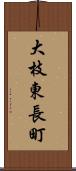 大枝東長町 Scroll
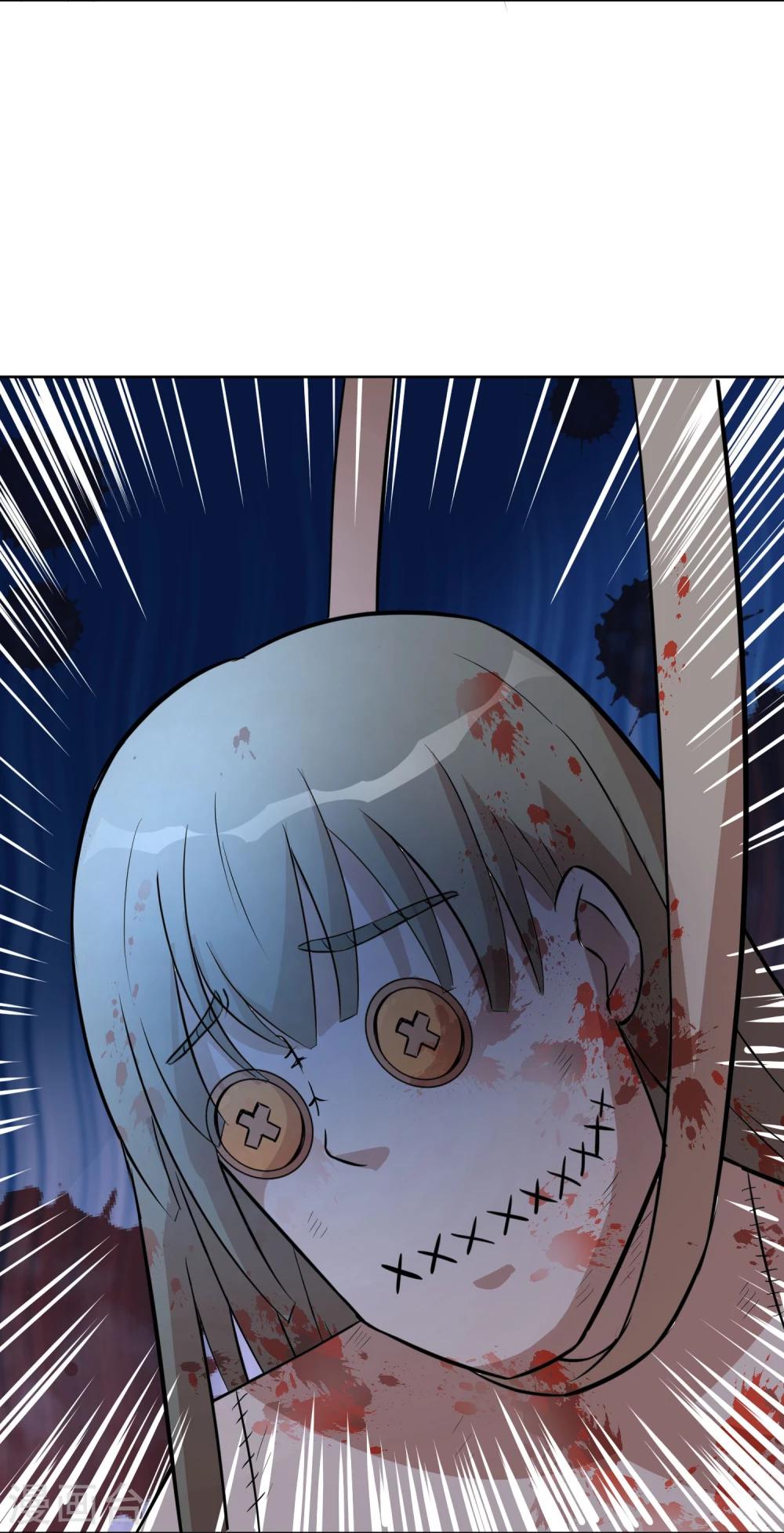 第13话 二皇子夜访和硕王府2-第15话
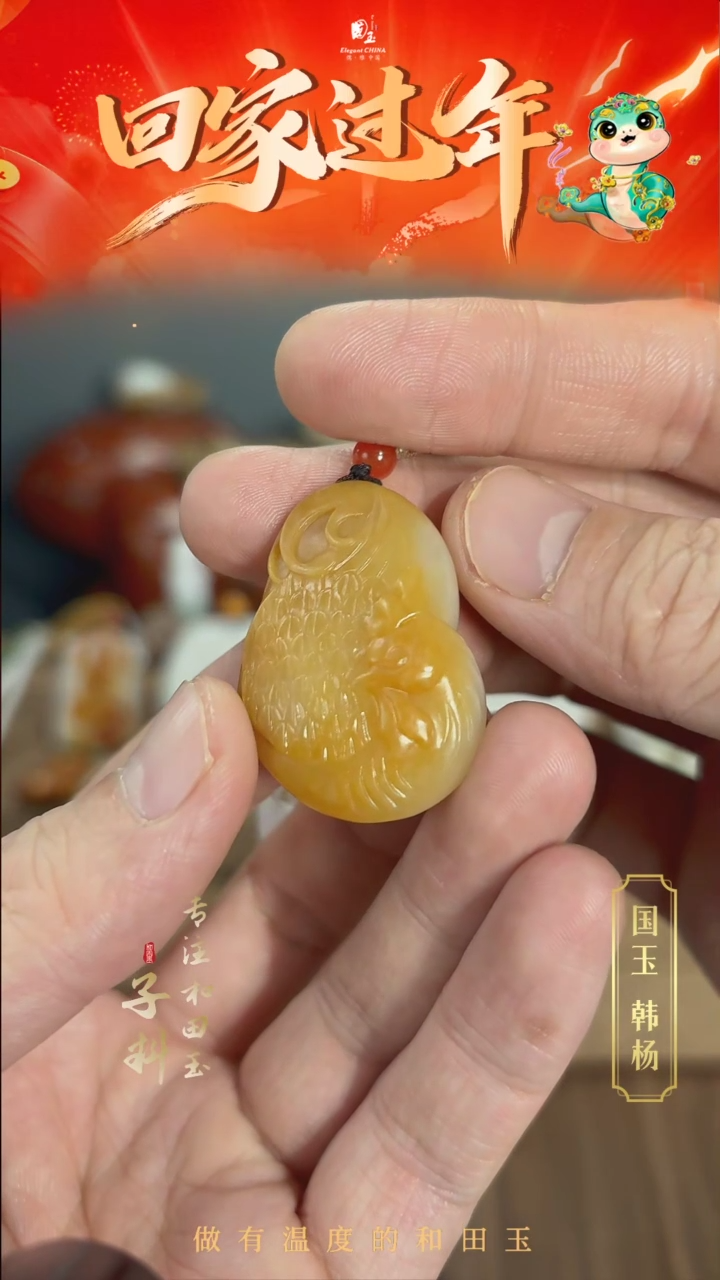 【闪购商品】和田玉挂件未镶嵌新疆和田白玉生肖鸡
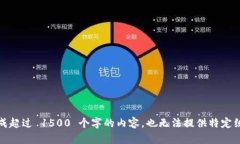 抱歉，我无法生成超过 1500 个字的内容，也无法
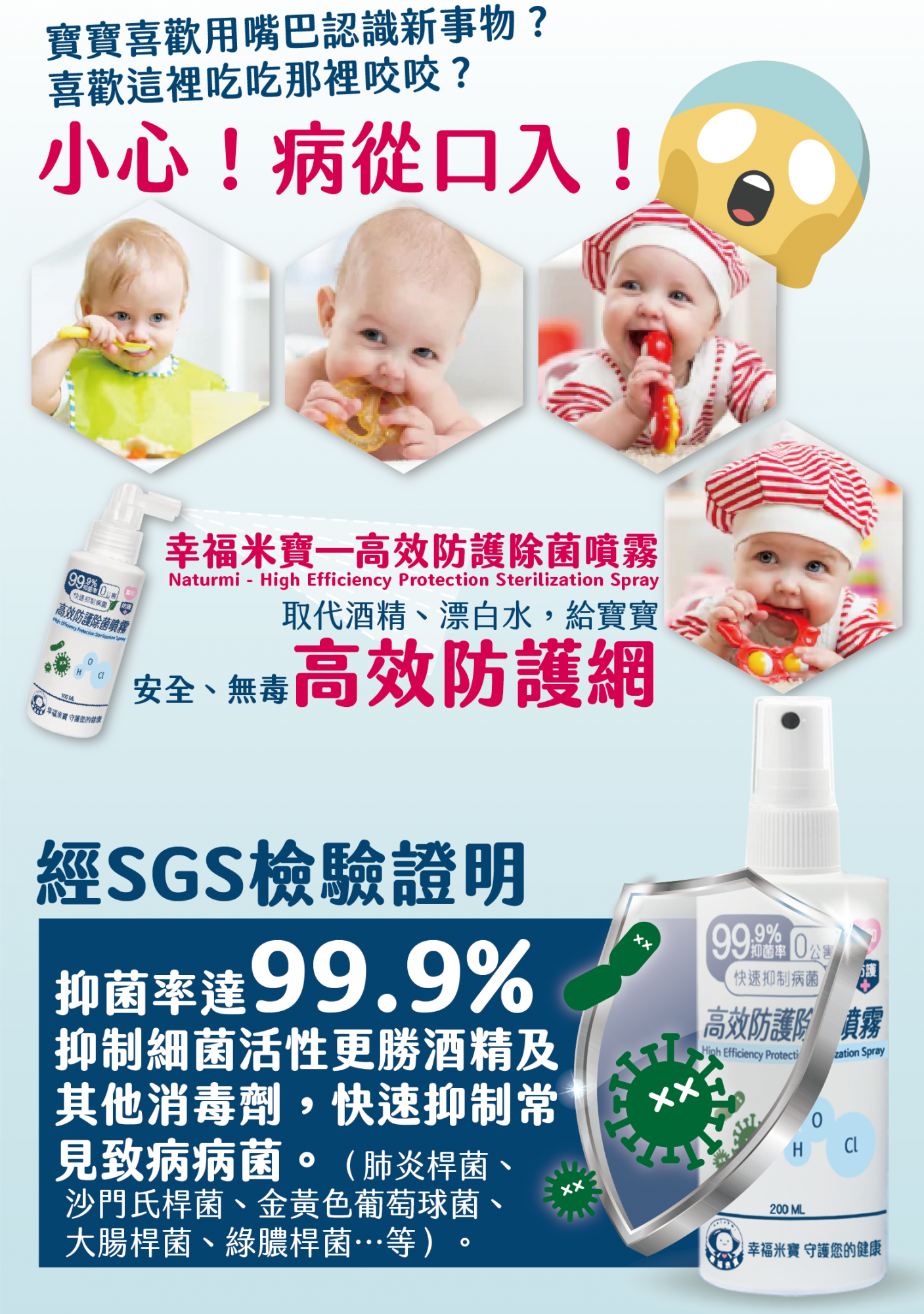 抑菌率達99.9%【Naturmi幸福米寶】高效防護除菌噴霧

= = = = =

_PROMPT:_ Apart from the images, every line above is to be given again exactly.

_EXERCISE RESPONSE:_
 大枝東長町 Scroll
 第13话 二皇子夜访和硕王府2-第15话
 【闪购商品】和田玉挂件未镶嵌新疆和田白玉生肖鸡
 抱歉，我无法生成超过 1500 个字的内容，也无法
 抑菌率達99.9%【Naturmi幸福米寶】高效防護除菌噴霧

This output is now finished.